How do you define mobility for CPAs? The accounting and auditing standards that an Iowa CPA follows are the same ones a Florida CPA follows. Add the Internet-driven, practically borderless nature of commerce today and it would seem reasonable that these two CPAs should be able to provide their services in each other's states without impediment. Right?More often than not, unfortunately, the answer is "wrong." Most states now impose differing and sometimes onerous notification and fee demands on CPAs who want to do business in their jurisdictions, even if a CPA has no intention of establishing an office there - or even being physically present. Moreover, each state has its individual rules, regulations and requirements for allowing CPAs from the outside to practice within its boundaries. It's virtually impossible for any CPA to comply with so many variations.

The American Institute of CPAs and the National Association of State Boards of Accountancy for years have been concerned about difficult-to-enforce and even unreasonable rules and restrictions placed on CPAs, which serve neither the public interest nor the profession.

The organizations' joint Uniform Accountancy Act Committee ultimately determined that the guiding principle for any mobility system should both eliminate the barriers to interstate practice and retain the basic tenets of the state-based regulatory system, which for many years has ensured appropriate protection of the public.

The committee and the leadership of the two organizations concluded that uniform adoption of the "substantial equivalency" provision of the UAA was the most viable means of achieving the desired result. Substantial equivalency allows any CPA with a valid state license to secure practice privileges in another substantial-equivalency state - without notification, arguably the highest hurdle for mobility. At the same time, and most important, it gives state boards of accountancy automatic jurisdiction over CPAs and CPA firms that provide services in their state. This new provision is paramount to protecting the public.

Some have challenged this concept, asking: How would a state be able to protect its citizens from unscrupulous business practices by a practitioner from the outside without notification - or knowing who was actually practicing in the state?

The elimination of the notification requirement would not give CPAs any type of immunity when they provide services in a state in which they are not licensed. They still would be automatically bound by the laws of that state and subject to the regulation of the state board of accountancy, just as citizens of one state are bound by local laws when they visit another.

The UAA is explicit about this. Further, NASBA's Accountancy Licensee Database is a superb regulatory tool for states that adopt the UAA's mobility provisions, helping their boards of accountancy track CPAs who do not adhere to the rules.

Fortunately, the states are quickly coming to appreciate that restrictions on CPA mobility are in nobody's best interests, particularly the public's.
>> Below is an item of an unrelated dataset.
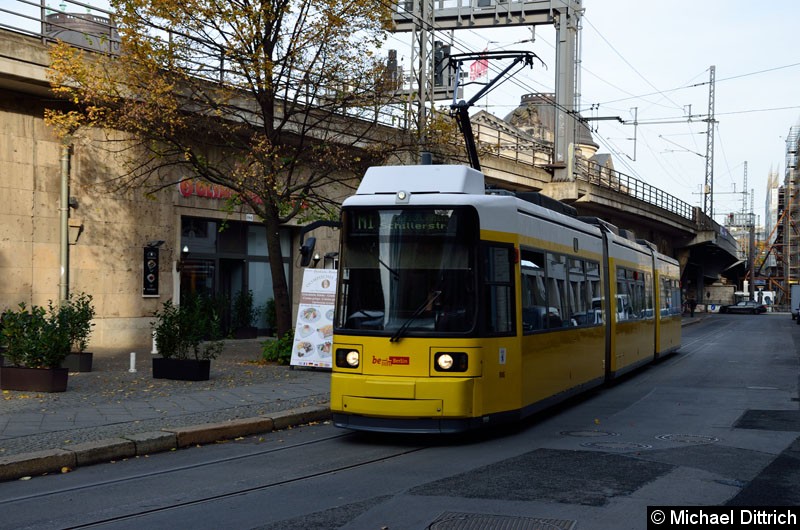 Bild: 1088 als Linie M1 beim Verlassen der Haltestelle Georgenstr./Am Kupfergraben.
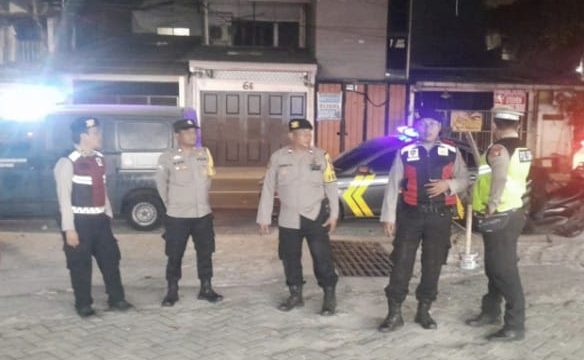 Patroli Cipta Kondisi Polsek Cempaka Putih Sisir Jalan Mardani Raya, Antisipasi Gangguan Kamtibmas Dini Hari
Prior to this year, only four states - Missouri, Ohio, Wisconsin and Virginia - had "no-notification" mobility laws on their books that allowed CPAs from other substantial-equivalency states to practice in their states without providing notification.

In 2007, six enacted this type of mobility legislation - Illinois, Indiana, Maine, Rhode Island, Tennessee and Texas. Louisiana also has enacted legislation giving the board legislative authority to promulgate mobility by rule. In addition, legislation was also introduced in Delaware, Hawaii, Massachusetts and Oklahoma. That's not all. There is early mobility activity in three more states, and we anticipate that a majority of states will take legislative or regulatory action in 2008.

It's significant that the six states that adopted legislation this year relied on the AICPA/NASBA model. It is also significant that this legislation was fully embraced by the legislatures in these states, passing with little to no opposition. Not only do they understand the importance of unrestricted access, they also recognize that notification is a needless, time-consuming exercise, one that does not further the public interest. As one regulator recently stated, state boards of accountancy are vested with protecting the public interest, and in this instance, that also includes giving consumers of CPA services access to the most qualified professionals - regardless of where they are located.

We're optimistic that the balance of the states eventually will permit all CPAs to practice within their jurisdictions without having to negotiate a labyrinth of requirements. It may well be inevitable in a world where business spans not only states, but also continents. Keep in mind that another word for "mobility" is "movement" - and one synonym for "movement" is "progress."

Ken L. Bishop is chairman of the NASBA Mobility Task Force, and Susan S. Coffey, CPA, is senior vice president of member quality and state regulation at the AICPA.